COLLECTED MATERIAL: Begin

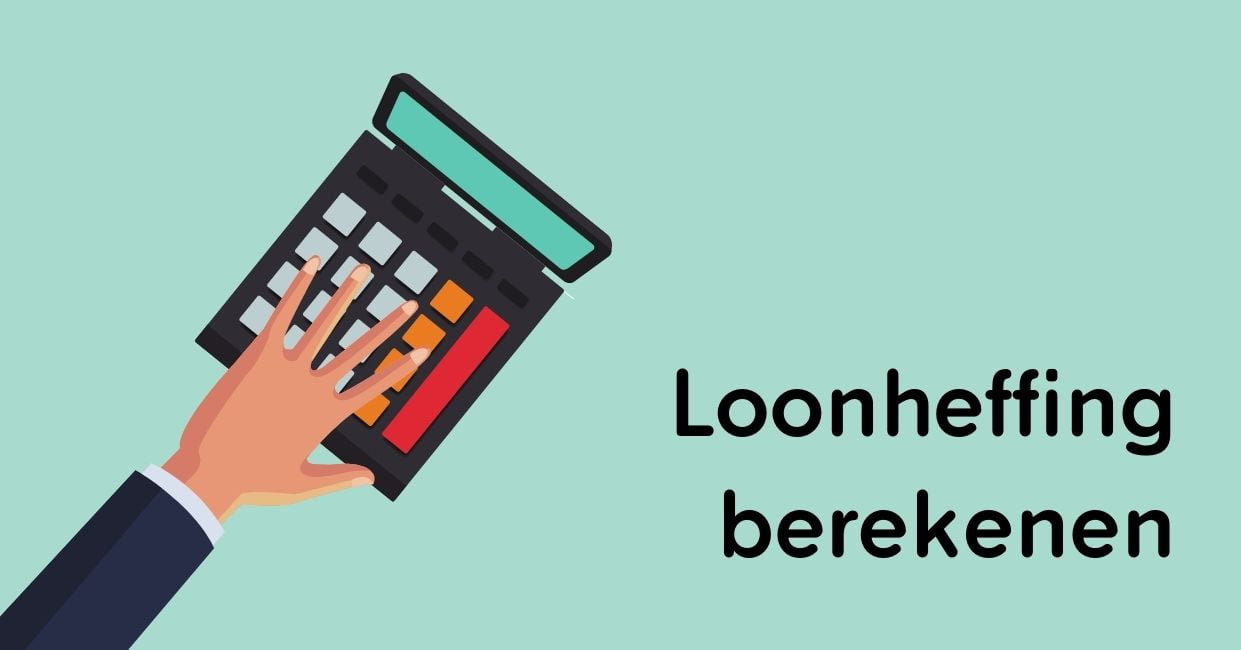 Loonheffing berekenen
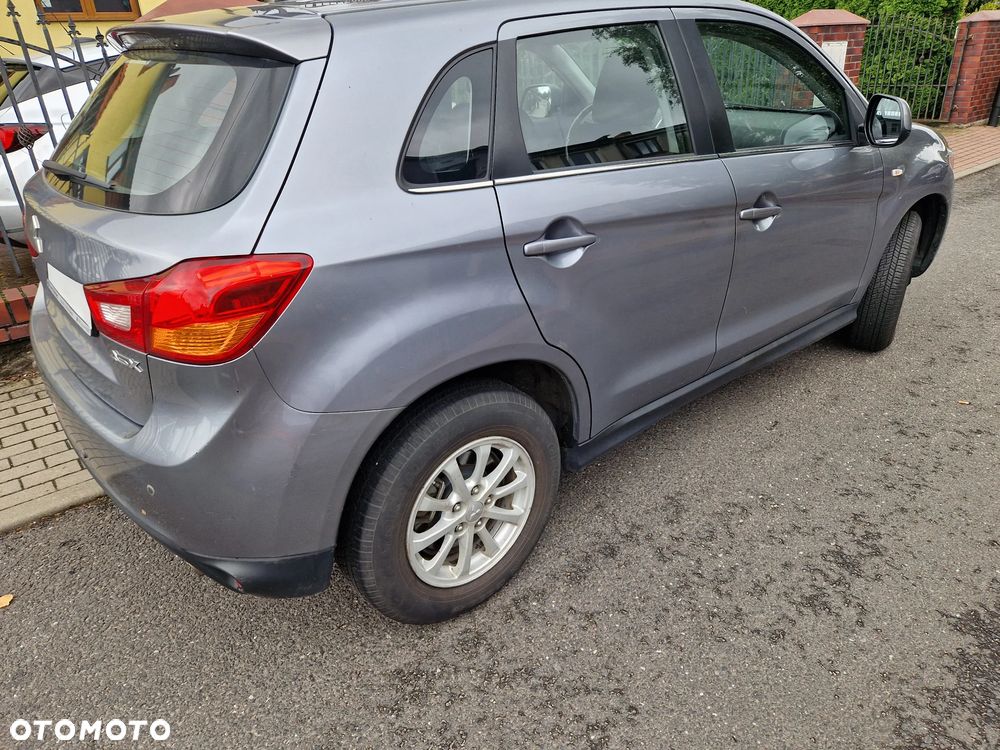 Mitsubishi ASX 1.6 Invite - 6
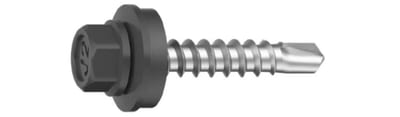 EJOT SAPHIR-KOMBI Mounting Screws el-galvanized - 4,8mm, External hexagon 10569624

COLLECTED MATERIAL: End

■ EXERCISE REQUIREMENTS:
Where the material above includes pictures, omit them and retype everything else exactly.

■ ANSWER SPACE:
 Loonheffing berekenen
 Mitsubishi ASX 1.6 Invite - 6
 EJOT SAPHIR-KOMBI Mounting Screws el-galvanized - 4,8mm, External hexagon 10569624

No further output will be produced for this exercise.